About this task: What is needed is an exact copy of every entry below, with the pictures left out.

Data extracted from a collection:
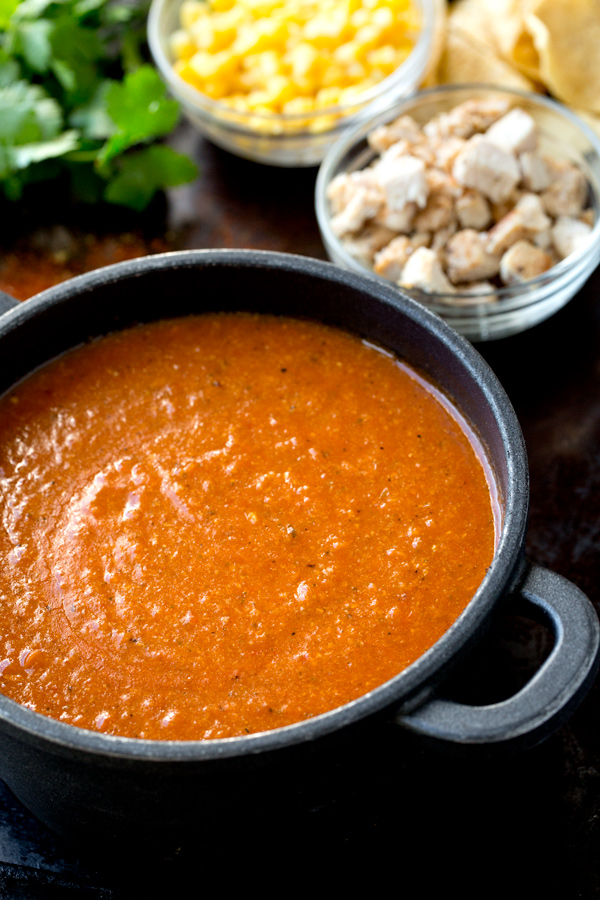 Creamy Chicken Tortilla Soup in a Soup Pot | thecozyapron.com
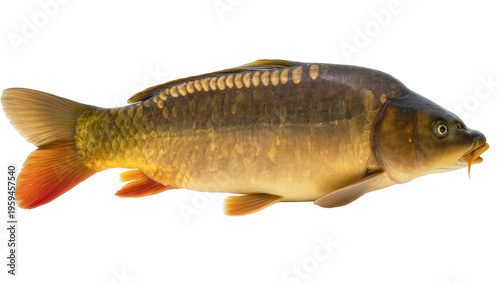 Foto Fresh common carp fish with golden scales and vibrant red fins, side view, ready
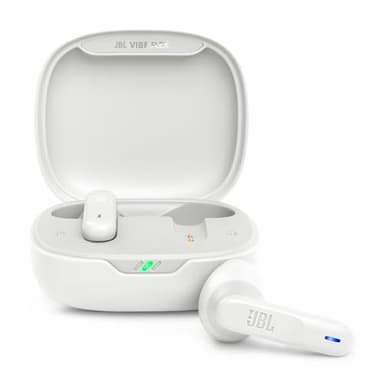 JBL Vibe Flex, écouteurs sans Fil Bluetooth, Pilotes 12 mm, Lecture 32 Heures, résistant à l'eau et à la poussière IP54 - Blanc
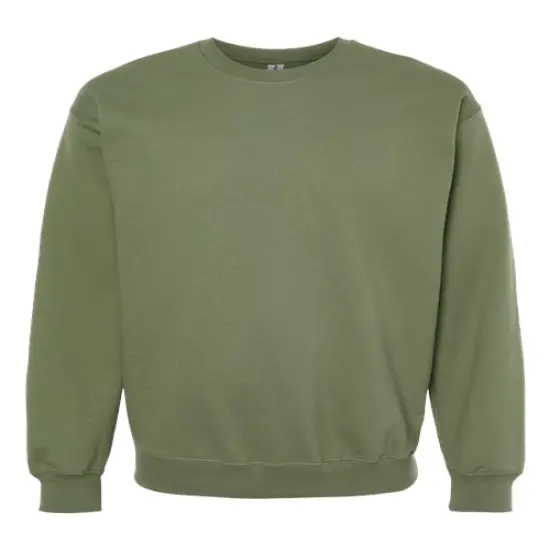 Gildan&reg; Midweight Crewneck Long Sleeve Sweatshirt Military Green {1}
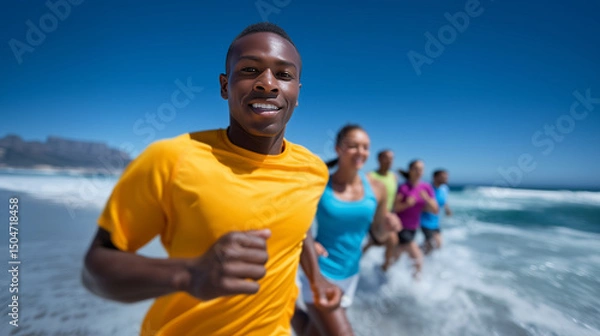 Fototapeta Group of energetic people jogging together on a sunny beach, smiling and having fun while training, wearing colorful athletic wear, ocean waves and blue sky in the background activ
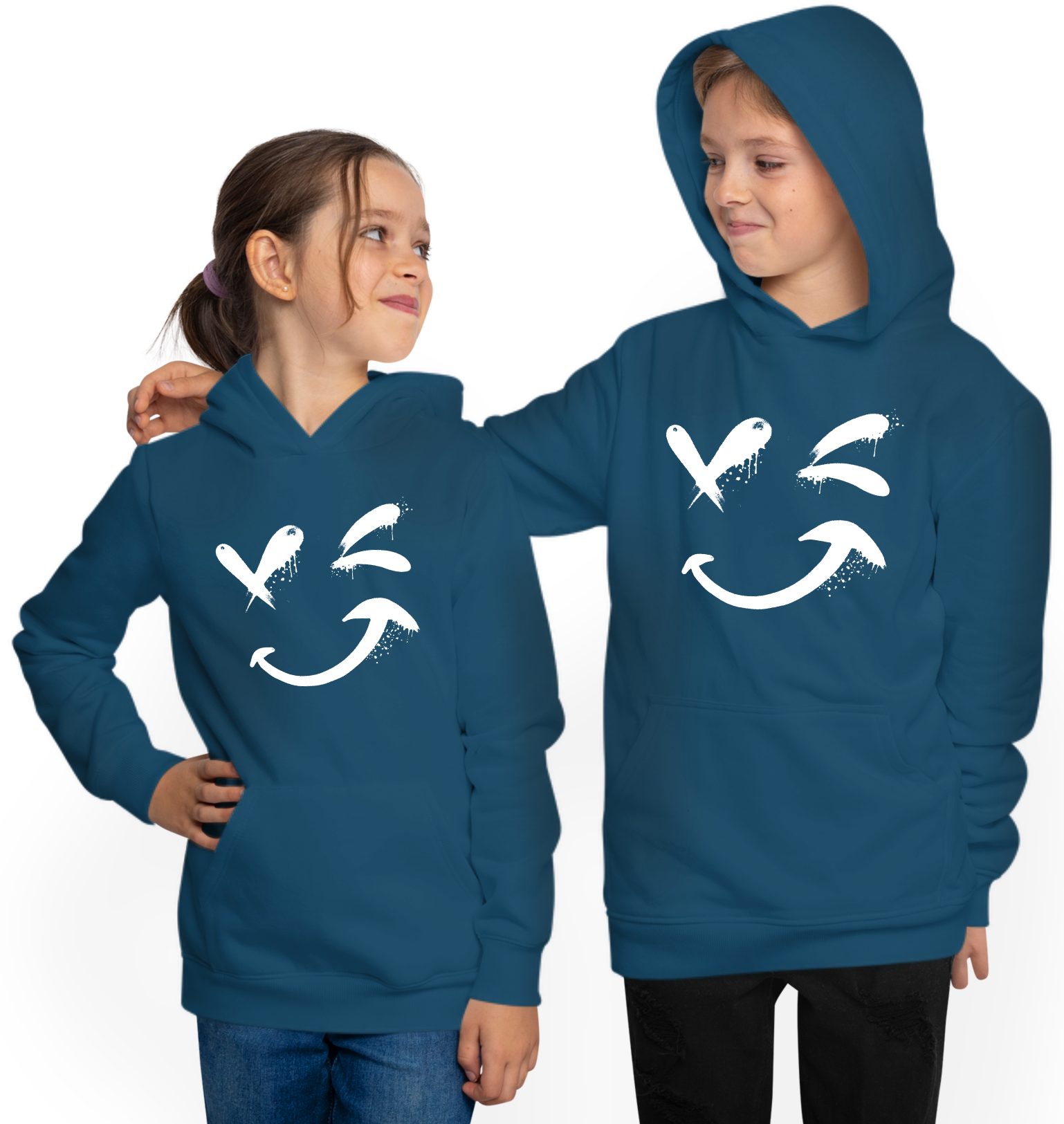 MyDesign24 Kapuzensweatshirt Kinder Hoodie - Kapuzenpulli mit coolem Smile Kapuzensweater cooler Smile Hoodie i328 – Bild 2 von 5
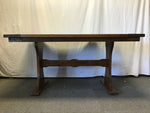 Vintage Farmhouse Solid Pine Expanding Trestle Dining Table
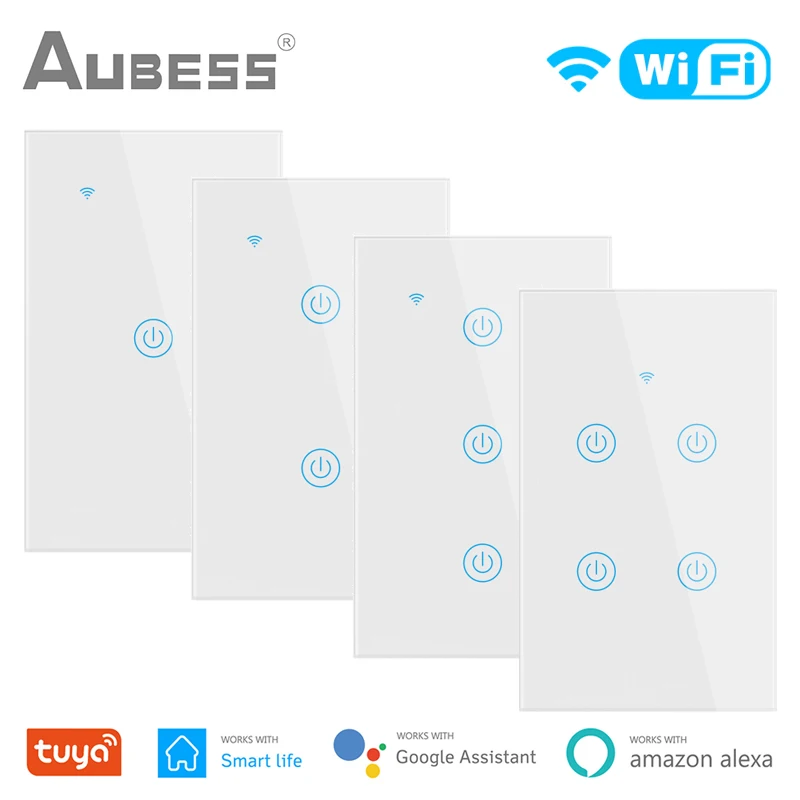 AUBESS Tuya WiFi Smart Home Switch Works with No Neutral Wire 1/2/3/4 Gang US Smart Light Switch Works With Alexa Google Home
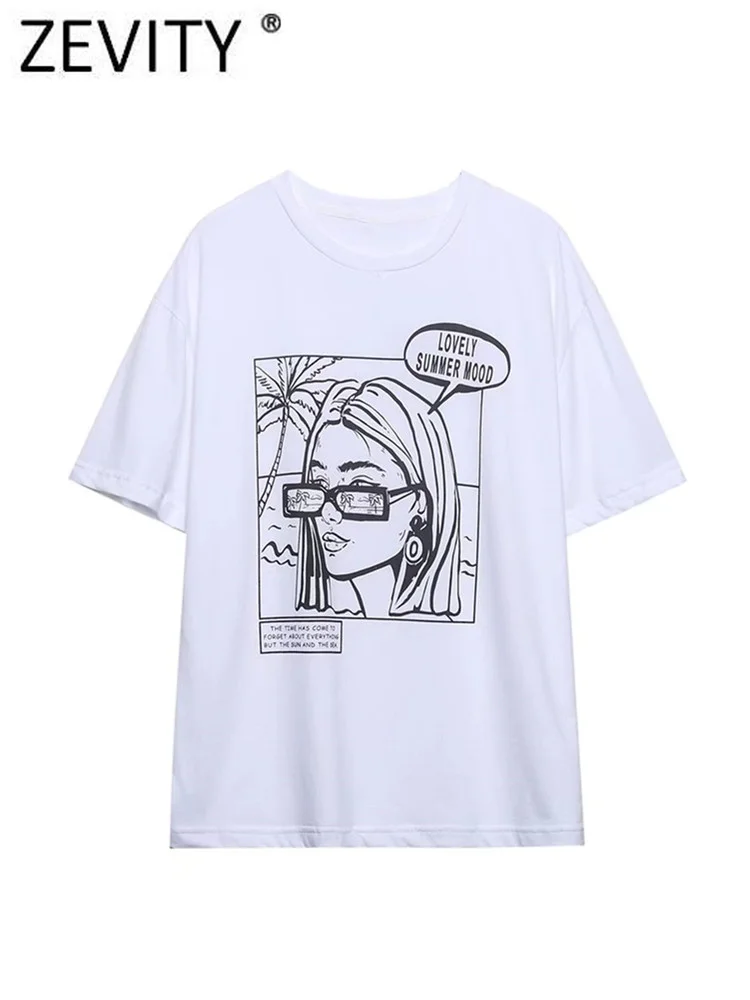 Zevity Women Fashion High Street Beauty Print Casual White T Shirt Female Basic O Neck Short Sleeve Chic Tops T477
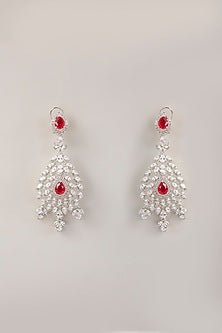 White Finish Red Cubic Zirconia Dangler Earrings With Maangtika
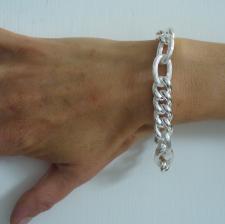 Textured oval link bracelet in sterling silver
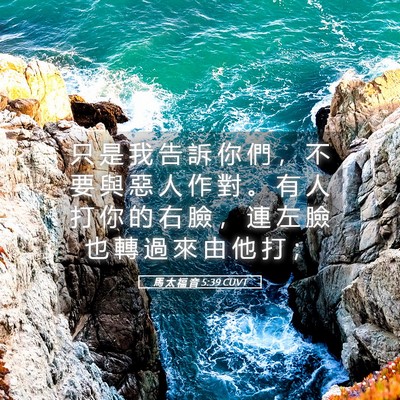 Picture 05 - 馬 太 福 音 5:39 CUVT - 只 是 我 告 訴 你 們 ， 不 要 與 惡 - Bible Verse Picture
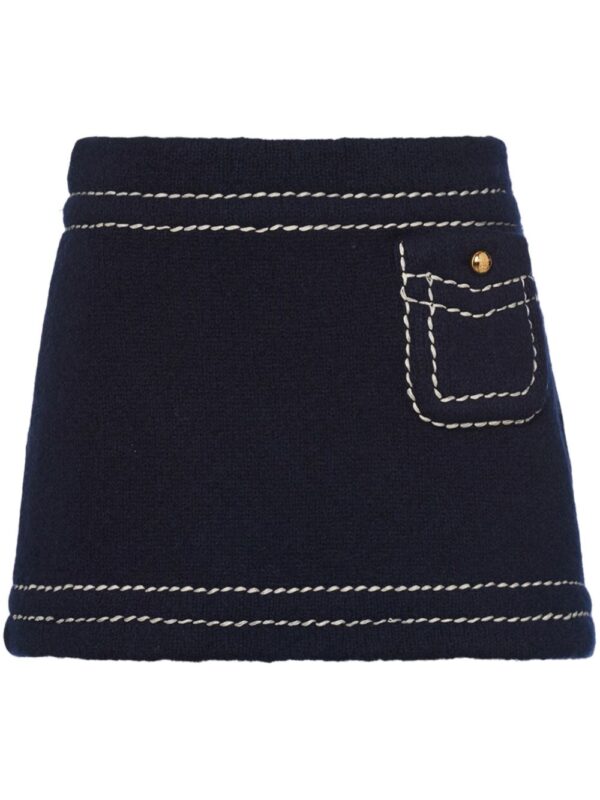 Prada  contrast-stitching cashmere miniskirt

Answer section:
 Creamy Chicken Tortilla Soup in a Soup Pot | thecozyapron.com
 Foto Fresh common carp fish with golden scales and vibrant red fins, side view, ready
 JBL Vibe Flex, écouteurs sans Fil Bluetooth, Pilotes 12 mm, Lecture 32 Heures, résistant à l'eau et à la poussière IP54 - Blanc
 Gildan&reg; Midweight Crewneck Long Sleeve Sweatshirt Military Green {1}
 Fototapeta Group of energetic people jogging together on a sunny beach, smiling and having fun while training, wearing colorful athletic wear, ocean waves and blue sky in the background activ
 MyDesign24 Kapuzensweatshirt Kinder Hoodie - Kapuzenpulli mit coolem Smile Kapuzensweater cooler Smile Hoodie i328 – Bild 2 von 5
 Vintage Farmhouse Solid Pine Expanding Trestle Dining Table
 AUBESS Tuya WiFi Smart Home Switch Works with No Neutral Wire 1/2/3/4 Gang US Smart Light Switch Works With Alexa Google Home
 Zevity Women Fashion High Street Beauty Print Casual White T Shirt Female Basic O Neck Short Sleeve Chic Tops T477
 White Finish Red Cubic Zirconia Dangler Earrings With Maangtika
 Textured oval link bracelet in sterling silver
 Picture 05 - 馬 太 福 音 5:39 CUVT - 只 是 我 告 訴 你 們 ， 不 要 與 惡 - Bible Verse Picture
 Prada  contrast-stitching cashmere miniskirt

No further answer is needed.